Contrary to the letter's assertion that UND's Honors Program is undergoing a "demolition" analogous to that of the Robertson-Sayre building that housed the program for some years (although it was not Honors' original home), the Honors Program is actually poised for both expansion and heightened standards.
As the letter notes, the program is expecting one of the largest classes ever in fall 2018 - around 160 students (up about 23 percent from last year). At the same time, it is a priority for Honors and UND to ensure that a greater percentage of faculty teaching Honors students have the highest possible (terminal) degrees and extensive experience in their fields. A 2012 study undertaken by an Honors subcommittee at UND showed that in five years, only 50 percent of Honors courses were taught by instructors with terminal degrees in their disciplines.
To remedy this, we have recently expanded course offerings for students by soliciting top faculty/researchers from across the university to teach a wide range of courses. While these in-demand professors and courses might result in some slightly larger classes, we think it is better that UND's best talent is available to Honors students as part of their program.
Further, Honors is not cutting a Senior Honors Thesis requirement. Rather, this requirement has
been redesigned from a nine-credit, multi-semester expectation, which proved an obstacle to many students in majors with tight schedules and which was tantamount to a master's thesis
requirement, to a more feasible and flexible three-credit, one-semester capstone project that could involve a thesis, depending on the discipline.

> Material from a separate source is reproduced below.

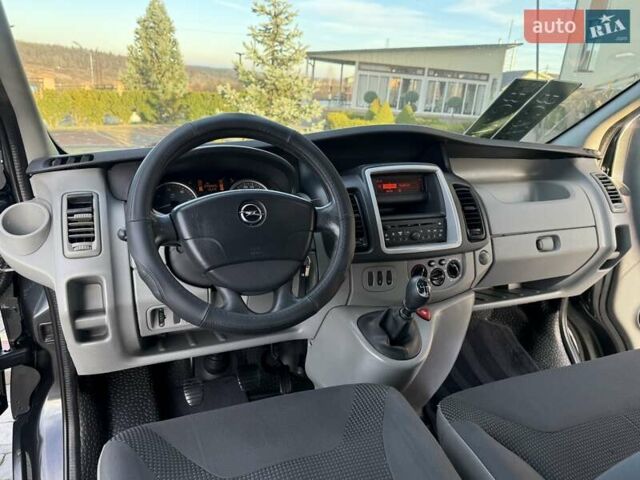 Черный Опель Виваро, объемом двигателя 2 л и пробегом 198 тыс. км за 13950 $, фото 68 на Automoto.ua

This change will allow our talented students to complete coursework for their demanding majors alongside Honors credentialing in a manner appropriate and reasonable for undergraduate research in their chosen fields.
Similarly, Honors advising and student organizations are not being eliminated. Moreover, the turnover in full-time faculty in the last year was due to resignations, not, as the letter states, elimination of faculty positions. It is not unusual for non-tenure track faculty to seek other career opportunities. It is not true that our instructional budget has decreased. Nor is it true that we have fewer dedicated faculty in Honors. We are actually hiring new faculty to teach Honors classes to replace those who resigned, in addition to having more established faculty already at UND lead classes for these exceptional students.
A survey of the courses being offered to Honors students for the coming year would reveal that we are as (or more) invested in teaching students how to think critically, humanely, and globally as before. It is noteworthy that a UND "Honors Attrition Report" released in 2014 showed that
only 16 percent of students entering the Honors Program stayed with the program until graduation.
Clearly, change has been needed to attract and retain students in Honors. One of the most exciting changes we've recently implemented is a dual-track Honors curriculum that allows
students to be an "Honors Research Scholar" or an "Honors Leader in Action." These options not only embed a greater diversity of courses and experiences like internships and community
service in the requirements, but also permit enhanced flexibility for students looking for
ways to distinguish themselves within the Honors Program.
We are pleased that UND has recently provided a 50 percent increase in tuition waiver funding to the Honors Program. We have a team of highly dedicated faculty who are finding ways to make their research relevant to the class of 2022 and who are eager to mentor and encourage the diverse aspirations of our current and incoming students. And like the newly remodeled, modern and beautiful space that has been created for Honors faculty and students in Columbia Hall, there is a vista full of promise and serious commitment in the program going forward.
Rebecca Rozelle-Stone, Ph.D., is interim director of the UND Honors Program and associate professor of philosophy.